Clochettes matinales

 

 

Avant le jour. Deux sons, deux notes enfantines,

Grêles voix d’un couvent lointain, sonnant matines.

L’humble métal n’a rien de l’imposante voix

Du bourdon, ni du bronze au vénérable poids

Qui convoque, vibrant encor de moyen-âge,

Les forts cerveaux, honneur, heur de l’échevinage.

Il n’est grave ni lourd, guerrier ni triomphant,

Et, je ne puis mieux dire, il a le timbre enfant.

Ce sont des cœurs soumis, des femmes, qu’il appelle

Sous la voûte de bois d’une basse chapelle.

Les saintes vont causer, doucement, simplement,

Avec le saint orné d’un nouveau vêtement.

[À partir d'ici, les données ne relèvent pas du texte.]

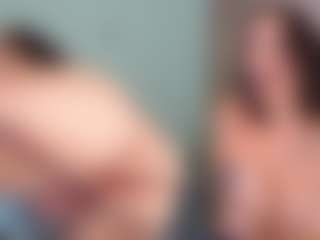 MicheleBrooks's Live Sex Cam Show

Le paradis qui s’ouvre en leurs songes paisibles

Les entoure déjà dans les objets visibles

Qui font parler les murs, chanter l’autel ; leur main

Touche leurs vœux. Un charme idéal de l’humain

Transposé dans leur âme est le divin pour elles.

La Vierge au paradis a des robes plus belles,

Des joyaux plus brillants, que l’œil ne compte pas,

Mais elle a le visage et le geste et le pas

De celle qu’elles ont voilée avec du tulle.

Ce qu’en sa seule ardeur leur seul désir postule,

C’est de s’asseoir au ciel aux tables que Jésus

Préside, familier comme au soir d’Emmaüs.

Voilà pourquoi, l’hiver, ces femmes, jeunes, vieilles,

Délicates, s’en vont, lorsque tu les éveilles,

Clochette, prendre place au banc glacé du chœur.

L’heure est noire au dehors, elle est blanche en leur cœur.

 

 

 

Ernest PRAROND.

 

Paru dans L’Année des poètes en 1897.